Task details: Retype, word for word, every line of the records below starting at the one that contains "this 389×280 image." and ending at the one that contains "this 1185×650 image."; include both of those lines and nothing more.
====== Recorded data ======
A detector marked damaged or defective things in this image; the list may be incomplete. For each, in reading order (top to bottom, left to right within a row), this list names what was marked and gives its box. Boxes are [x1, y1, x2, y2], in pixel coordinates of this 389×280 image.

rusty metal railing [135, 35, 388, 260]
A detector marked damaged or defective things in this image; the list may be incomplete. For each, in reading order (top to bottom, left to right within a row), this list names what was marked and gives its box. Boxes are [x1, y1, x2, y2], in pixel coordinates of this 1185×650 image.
======
====== Recorded data ======
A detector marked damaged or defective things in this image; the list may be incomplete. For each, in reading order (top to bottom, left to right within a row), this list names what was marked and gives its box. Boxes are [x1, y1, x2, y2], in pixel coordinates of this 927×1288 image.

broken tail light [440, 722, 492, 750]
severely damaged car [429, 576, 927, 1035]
======
====== Recorded data ======
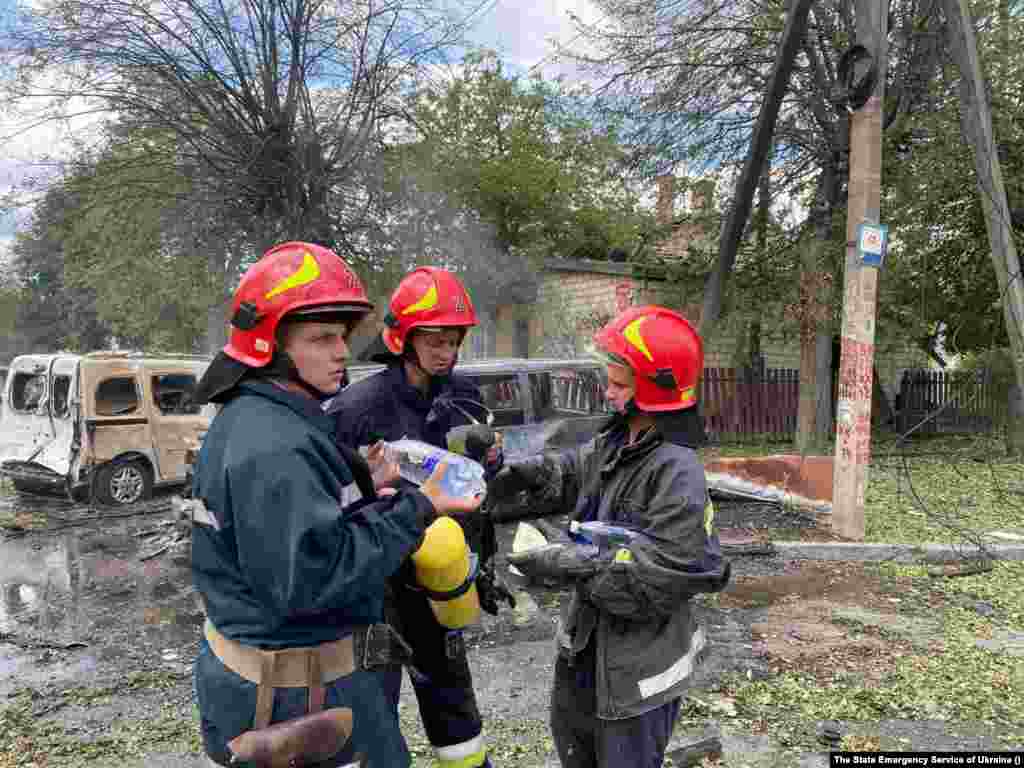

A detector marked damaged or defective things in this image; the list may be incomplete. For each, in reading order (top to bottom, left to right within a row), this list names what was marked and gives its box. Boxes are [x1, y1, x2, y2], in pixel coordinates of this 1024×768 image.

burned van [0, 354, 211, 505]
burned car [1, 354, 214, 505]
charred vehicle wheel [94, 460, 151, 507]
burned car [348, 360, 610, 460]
======
Final answer:
A detector marked damaged or defective things in this image; the list may be incomplete. For each, in reading order (top to bottom, left to right within a row), this list names what was marked and gives its box. Boxes are [x1, y1, x2, y2], in pixel coordinates of this 389×280 image.

rusty metal railing [135, 35, 388, 260]
A detector marked damaged or defective things in this image; the list may be incomplete. For each, in reading order (top to bottom, left to right within a row), this list names what was marked and gives its box. Boxes are [x1, y1, x2, y2], in pixel coordinates of this 1185×650 image.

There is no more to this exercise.